The not-so-pretty: AppleSkin is 50% apple waste mixed with 50% PU, coated onto a cotton/polyester canvas, effectively rendering it non-biodegradable. Despite being durable, the material is soft, making it suitable only for small accessories, like wallets and purses.
4. Wine leather
Made from: Grapes
The pretty: Wine, or Grape leather, is produced from the waste by-product of the Italian wine industry. This waste (pomace from the grapes, including the skins, pulp, seeds and stems of the fruit) was traditionally used as organic fertilizer or animal feed, but a Milan-based architect and founder of Vegea, a start-up tech company, Gianpiero decided to change that.
Vegea produces 2.6 billion square meters of wine leather, every year, just by using the wine production waste. Wine leather doesn’t need much water to be produced, and the wastewater is recyclable and can, therefore, be used over and over again. Vegea’s wine leather is being used in shoes, accessories, clothing and bags, and they are now working to expand it to produce upholstery and automobile accessories. The company has also introduced a concept of recycling, where the old wine leather products can be returned to dealers, recyclers etc, in exchange for a coupon and can further restore the old product by applying new wine leather.
The not-so-pretty: This bio-based product is coated onto organic cotton fabric, and the final product is made from 78 % eco-composite organic cotton and 22% water-based PU, making it non-biodegradable and difficult to recycle.
5. Banofi leather
Made from: Bananas
The pretty: India is the world’s largest producer of bananas, with more than 1 million banana farmers. Almost 4 tons of waste is generated for every 1 ton of fruit. Atma leather, a Kanpur-based company, is making Ban-o-Fi (Banana Fibre Leather) from banana fibres and agricultural waste, sourced directly from smallholder farmers, where this waste is not utilised. As they are fairly compensated for their produce, it disincentivizes crop burning practices.
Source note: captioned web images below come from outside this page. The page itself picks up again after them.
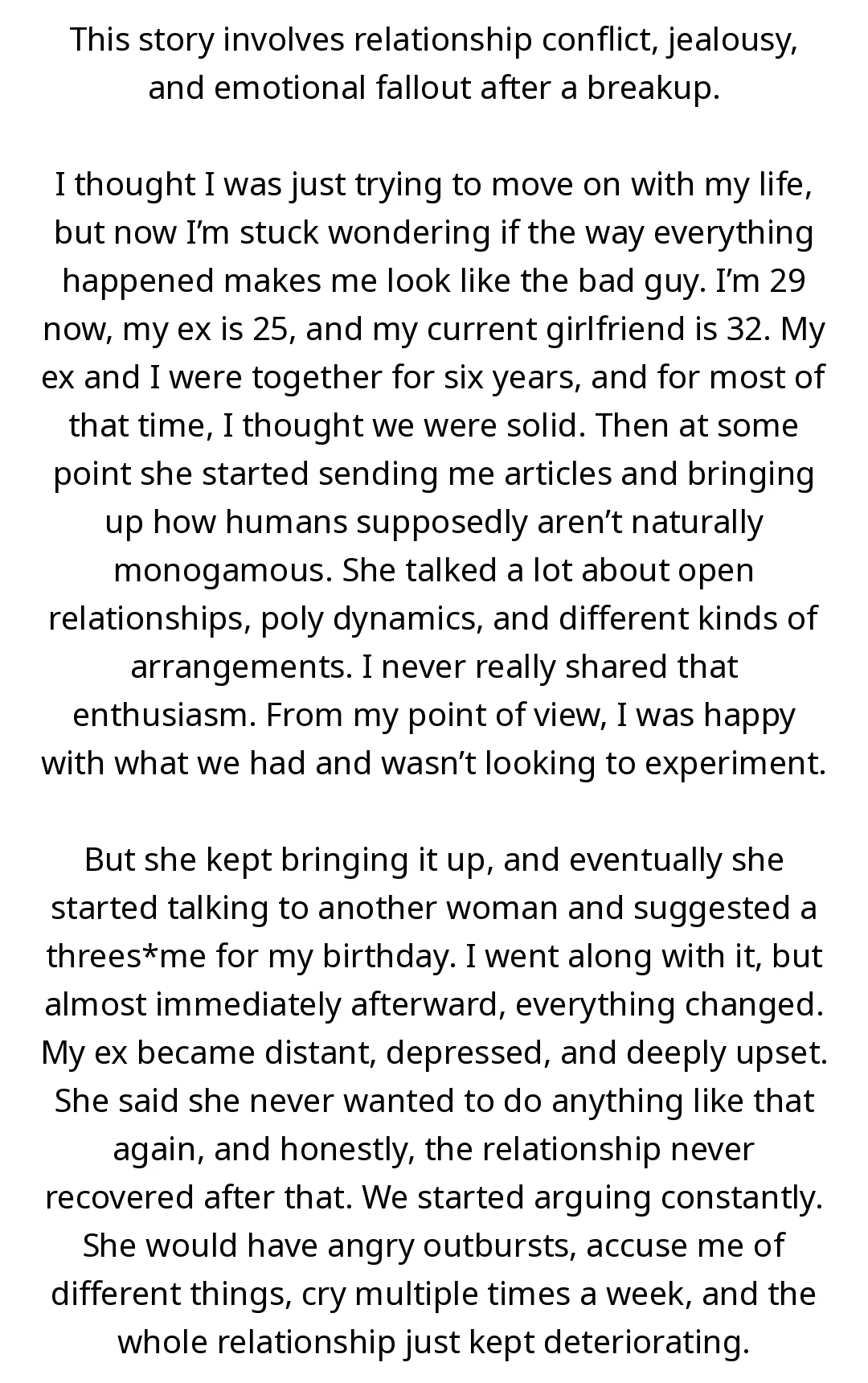 AITA for starting to date the woman from our threes*me after my relationship with my ex fell apart? slide 1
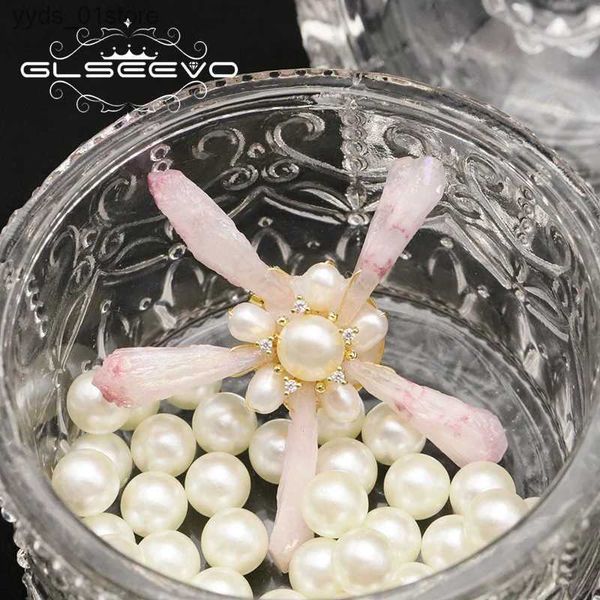 Pins Broches Glseevo perles naturelles broches de créateur pour femmes marque de luxe Birtay fête fille vintage vêtements broches roses GO0396B L240323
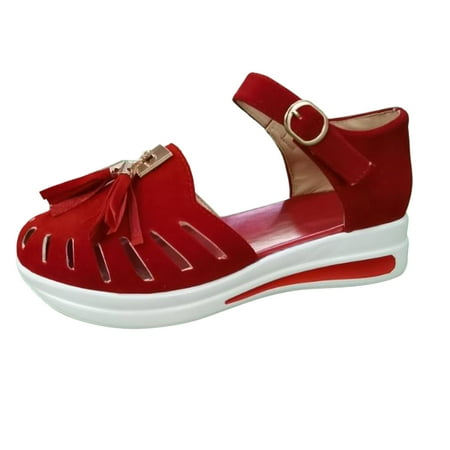 

TOYFUNNY Womens Thick Sole Wedge Platform Casual Solid Color Tassel Buckle Sandals Shoes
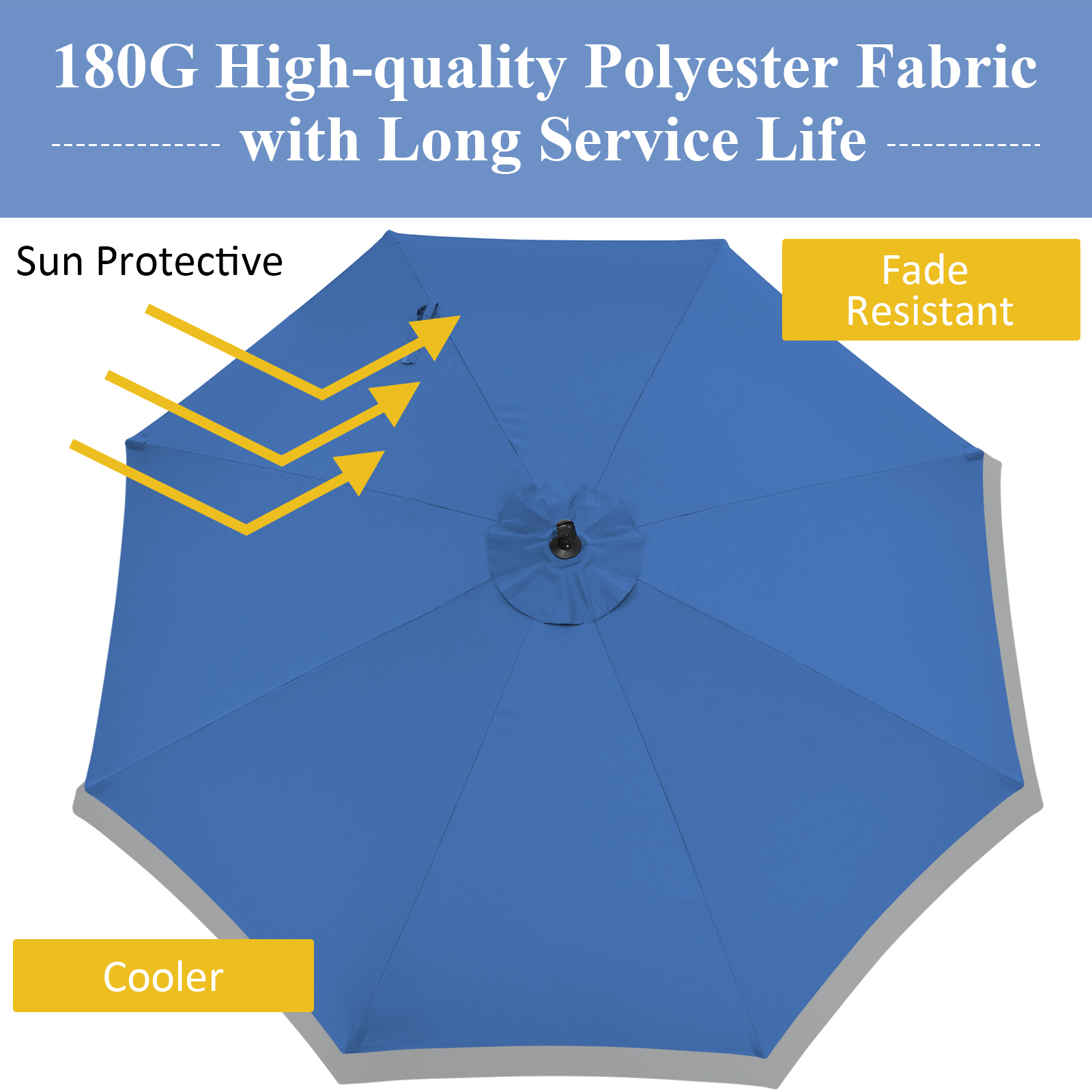 Patiojoy 10FT Patio Offset Umbrella 8 Ribs Cantilever Umbrella w/Crank for Poolside Yard Lawn Garden Navy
With a significantly lower environmental impact than both animal and plastic leather, it has 100% reduced toxic wastewater and 90% less CO2 emissions. The materials have widespread applications, across fashion, furniture, automotives and packaging industries.
The not-so-pretty: Banofi is using 60% banana fibers, 20% natural additives and 20% synthetic additives, making biodegradability an issue.